Self-sufficiency is similarly chock full of feel-goodness. Not only will you save money by being able to deal with things yourself (picking investments, shopping for cars, fixing the sink, fixing the bike, fixing the sink again), but you’ll be empowered by your ability to take care of shit on your own. We depend on third parties for everything, so the feeling of taking control, saving some money, and improving your life with your own two hands is a great one.
Luxury and leisure are mythical and relative.
Every feeling is relative- we only know sad days by comparing them to happy ones. We only appreciate the value of money when we’ve known what it’s like to work for it while having none. And we only know leisure by the working days that precede them. It doesn’t just automatically show up in life’s queue on Friday at 5:30 and disappear again Monday morning.
As for young people, we generally have no excuses. Grown-ups work all day/week and come home to work all evening/weekend as parents. Good God. We should work all day and keep working all evening to better ourselves and our futures because we likely won’t have time some years down the road.
When you’ve maximized the hours available to you, when you’ve put your name on work that you know is good, of which you can be proud, and when you’ve set yourself up for a future that’s better than your present, leisure time will actually mean something.
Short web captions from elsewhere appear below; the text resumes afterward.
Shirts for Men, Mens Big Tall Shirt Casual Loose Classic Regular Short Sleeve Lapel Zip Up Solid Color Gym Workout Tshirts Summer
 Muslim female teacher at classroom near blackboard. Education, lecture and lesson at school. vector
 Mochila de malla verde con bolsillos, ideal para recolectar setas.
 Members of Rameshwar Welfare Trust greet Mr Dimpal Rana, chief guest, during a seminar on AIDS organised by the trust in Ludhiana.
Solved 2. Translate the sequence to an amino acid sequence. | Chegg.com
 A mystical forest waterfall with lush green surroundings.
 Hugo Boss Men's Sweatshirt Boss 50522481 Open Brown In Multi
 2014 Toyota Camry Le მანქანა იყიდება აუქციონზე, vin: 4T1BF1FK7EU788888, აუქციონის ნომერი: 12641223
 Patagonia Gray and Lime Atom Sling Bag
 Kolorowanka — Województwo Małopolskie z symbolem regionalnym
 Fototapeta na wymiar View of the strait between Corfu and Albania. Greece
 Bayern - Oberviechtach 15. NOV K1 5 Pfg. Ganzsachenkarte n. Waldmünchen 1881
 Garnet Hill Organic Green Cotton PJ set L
Leisure isn’t just indulging the ever-present whim to not be working. It’s is the well-earned break from the maximization of the twenty-four hours you get each day.
If you work on a passion project, laboring for love, and crash into bed bone-tired in happy exhaustion, proud of the effort you’ve put in, a pre-sleep episode of Breaking Bad is going to be a heck of a lot more enjoyable. Isn’t there some old expression about Jack playing with his candlestick and becoming a dull, idle devil-boy? Anyway…
Life is short, you dig?
When Saturday rolls around, can you put your name on those five working days that preceded it? Can you sit back on the couch, the lawn chair, or the beach blanket and do absolutely nothing productive, knowing that you maximized your working hours We’ve only got so long on the earth, or maybe God only gave us so much time. YOLO is maybe the most poorly understood phrase among Generation Y, but carpe diem comes a bit closer.
When you get 24 hours per day, and 8 of them have to be spent sleeping, and 8 of them are spent at work, and 1 of them has to be spent eating, and 1 of them has to be spent getting dressed, undressed, and cleaned up, you’ve only got four hours left with which to do something! And if you’re anything like the average American, you’ll spend another hour and forty minutes in the car. That leaves you with two hours and twenty minutes. Holy shit.
(By the way, dear college-aged readers, you’ve got more time than anyone and manage to waste it far more spectacularly.)
If you want more in life, something must change. It’s true that you have to spend time with your loved ones, but you’ve also got to set yourself up for a better life than the one you’ve got now. And how does that happen? Work. Save as much of your income as possible, side-hustle your way to an extra income, research (like we mentioned above) to earn yourself (hundreds of) thousands of dollars more during your life, and ultimately get as far away as possible from any job that doesn’t 100% fulfill you.
We haven’t mentioned this because it’s obvious, but: If you’re doing something you love, you’re getting all the benefits of working and none of its costs. Try, above all else, to do that thing.